Create view from multiple tables, combine values from multiple rows into one row

I have 3 tables as below:
Area table:
UserID | Area
---------------
1 | 10001
2 | 10002
3 | 10003
Info table:
UserID | Info
-----------------
1 | U1_Info1
1 | U1_Info2
1 | U1_Info3
2 | U2_Info1
3 | U3_Info1
Company table:
UserID | Company
-----------------
1 | ComA
2 | ComB
3 | ComC
After that, I want group by UserID. My expected result as below:
UserID | Area | Info1 | Info2 | Info3 | Company
----------------------------------------------------------
1 | 10001 | U1_Info1 | U1_Info2 | U1_Info3 | ComA
2 | 10002 | U2_Info1 | | | ComB
3 | 10003 | U3_Info1 | | | ComC
User 3 doesn't have Info2 and Info3 so I set them = ' '.

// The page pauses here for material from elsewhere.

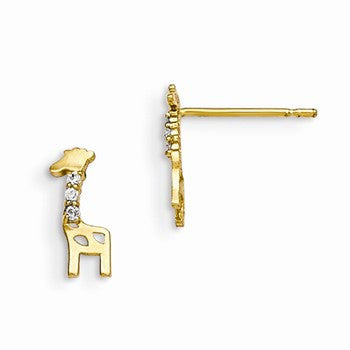 14k Yellow Gold CZ Childrens Giraffe Post Earrings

Can I make a View like that?
SQL Fiddle
Oracle 11g R2 Schema Setup:
CREATE TABLE Area ( UserID, Area ) AS
SELECT 1, 10001 FROM DUAL
UNION ALL SELECT 2, 10002 FROM DUAL
UNION ALL SELECT 3, 10003 FROM DUAL;
CREATE TABLE Info ( UserID, Info ) AS
SELECT 1, 'U1_Info1' FROM DUAL
UNION ALL SELECT 1, 'U1_Info2' FROM DUAL
UNION ALL SELECT 1, 'U1_Info3' FROM DUAL
UNION ALL SELECT 2, 'U2_Info1' FROM DUAL
UNION ALL SELECT 3, 'U3_Info1' FROM DUAL;
CREATE TABLE Company (UserID, Company ) AS
SELECT 1, 'ComA' FROM DUAL
UNION ALL SELECT 2, 'ComB' FROM DUAL
UNION ALL SELECT 3, 'ComC' FROM DUAL;
CREATE VIEW TEST AS
SELECT A.UserID,
MAX( A.Area ) AS Area,
MAX( CASE WHEN I.Info LIKE '%_Info1' THEN I.Info END ) AS Info1,
MAX( CASE WHEN I.Info LIKE '%_Info2' THEN I.Info END ) AS Info2,
MAX( CASE WHEN I.Info LIKE '%_Info3' THEN I.Info END ) AS Info3,
MAX( C.Company ) AS Company
FROM Area A
INNER JOIN
Company C
ON ( A.UserID = C.UserID )
LEFT OUTER JOIN
Info I
ON ( A.UserID = I.UserID )
GROUP BY
A.UserID
Query 1:
SELECT * FROM test
Results:
| USERID | AREA | INFO1 | INFO2 | INFO3 | COMPANY |
|--------|-------|----------|----------|----------|---------|
| 1 | 10001 | U1_Info1 | U1_Info2 | U1_Info3 | ComA |
| 2 | 10002 | U2_Info1 | (null) | (null) | ComB |
| 3 | 10003 | U3_Info1 | (null) | (null) | ComC |